Vancouver is a maritime city, so, isn’t it time we started incorporating the sea into our thinking when grappling with our municipal problems?
The related problems of homelessness and affordable housing immediately come to mind. In the year 3 BC ( that’s Before Covid) I blogged an elegant solution to the problem of homelessness https://gentlemansrelish.ca/2017/12/09/enough-already/#more-627. Simply buy a used cruise ship, I suggested, park it in an empty patch of ocean in the harbour, and, voila- 2,000 or 3,000 well appointed beds instantly available, together with space for all of the ancillary services you could ever need, for far less money than we are currently throwing at the problem. Well, nobody listened, and here we are five years later, no closer to a solution, but having spent the better part of a billion dollars on band-aids.

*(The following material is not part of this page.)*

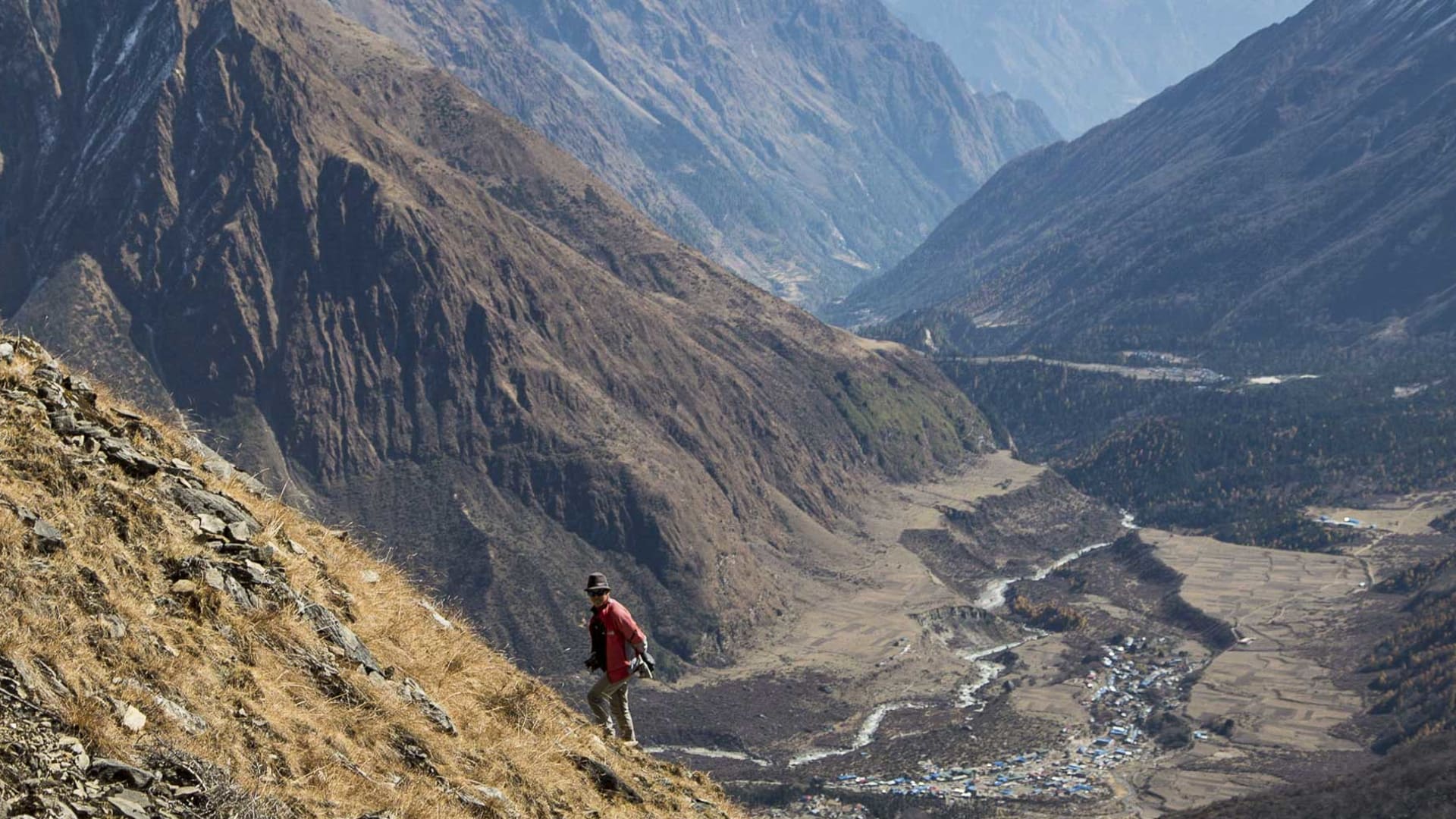 Trekking am Manaslu: ein Trekker in roter Jacke steht auf einem Grashang und blickt auf das Hochgebirgstal bei Samagon in Nepal.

OK, so maybe the ‘hard to house’ wouldn’t be the ideal tenants for a permanently parked cruise ship, – they would probably turn the boat into a slum in short order- but I still think its a housing idea with merit- for the right clientele. What about the temporary foreign workers we so desperately need to bolster our workforce? What about the young single working stiffs who are finding it impossible to find respectable, affordable rental accommodation? Or students? Having a micro-apartment aboard a well appointed cruise ship could become an attractive lifestyle.
And lets not forget that the world of work has changed forever, courtesy of Covid. Workers no longer need to live within an endurable daily commuting distance from their office. They now have the theoretical ability to live anywhere, although still tethered to an office that requires them to make regular guest appearances. They are the new commuters, needing a small pied-a-terre in the city for a couple of nights a week for work, with their main residence in a smaller community elsewhere. A cruise ship cabin would seem an ideal solution for the new hybrid work week.
But what of families, you ask? – well the ocean could provide a solution for them as well, in the form of float homes. It is a mystery to me why, in an environment where the land supply is restricted, but water is a so abundant, we don’t make better use of our waterways to host housing of all descriptions. There are indeed small pockets across the lower mainland where float home communities thrive, but truly, the potential for floating communities has barely been scratched.
The answer to our housing problem may truly be right at our doorstep, in the hundreds of miles of protected coastline, and river bank within Metro Vancouver, a priceless resource, should we be bold enough to re-imagine Vancouver as a truly maritime environment, where people live and work and commute on the sea, as well as beside it.